I don't get it. If b = Pb, then

$$|<b|a>|^2 = <a|b> <b|a> = <a|Pb><Pb|a>$$

and I want to show that this equals

$$<a|a><b|b>$$

??

12. Oct 12, 2006

### Galileo

Just in case you want to try a different path (because it may be easier):
If a and b are linearly independent, then $$a-\lambda b\not= 0$$ for all $\lambda \in \mathbb{R}[/tex]. Now what you can you say about the inner product of [itex]a-\lambda b$ with itself?

13. Oct 12, 2006

### Logarythmic

I don't know, what can I say?

$$<a - \lambda b|a - \lambda b> = <a|a> - \lambda <a|b> - \lambda <b|a> + \lambda^2 <b|b>$$

?

14. Oct 12, 2006

### StatusX

That's a polynomial in lambda that has no real solutions. Look at the determinant.

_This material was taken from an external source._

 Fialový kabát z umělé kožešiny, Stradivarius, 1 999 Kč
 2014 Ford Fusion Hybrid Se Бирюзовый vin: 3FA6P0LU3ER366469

Galileo's way is probably easier (and nicer, as it doesn't require a projection operator), but all I wanted you to do was plug in |<a,b>|^2=|<a,Pb+Qb>|^2=|<a,Pb>+<a,Qb>|^2=..., and you'll eventually end up with something like |<a,b>|^2+c||Qb||^2=||a||^2||b||^2, so that equality holds iff Qb is zero.

Last edited: Oct 12, 2006
15. Oct 12, 2006

### Galileo

True. Now, if v is a nonzero vector, what does that say about <v,v>?
(You have a vector v=a-Lb that is nonzero for EVERY L.)

16. Oct 17, 2006

### Logarythmic

So <v|v> is constant and I get an expression for $$\lambda$$? My head is pretty messed up after this thread.

17. Oct 17, 2006

### Galileo

No, <v,v> is not constant wrt lambda. It's a quadratic equation in terms of lambda, as you have shown.

The inner product has the property that:
$$\langle v,v \rangle \geq 0 \mbox{ with equality only if v=0}$$

Since your v is not zero it is positive for any value of lambda. That means you have a quadratic equation which has no real roots. What does that tell you about its determinant?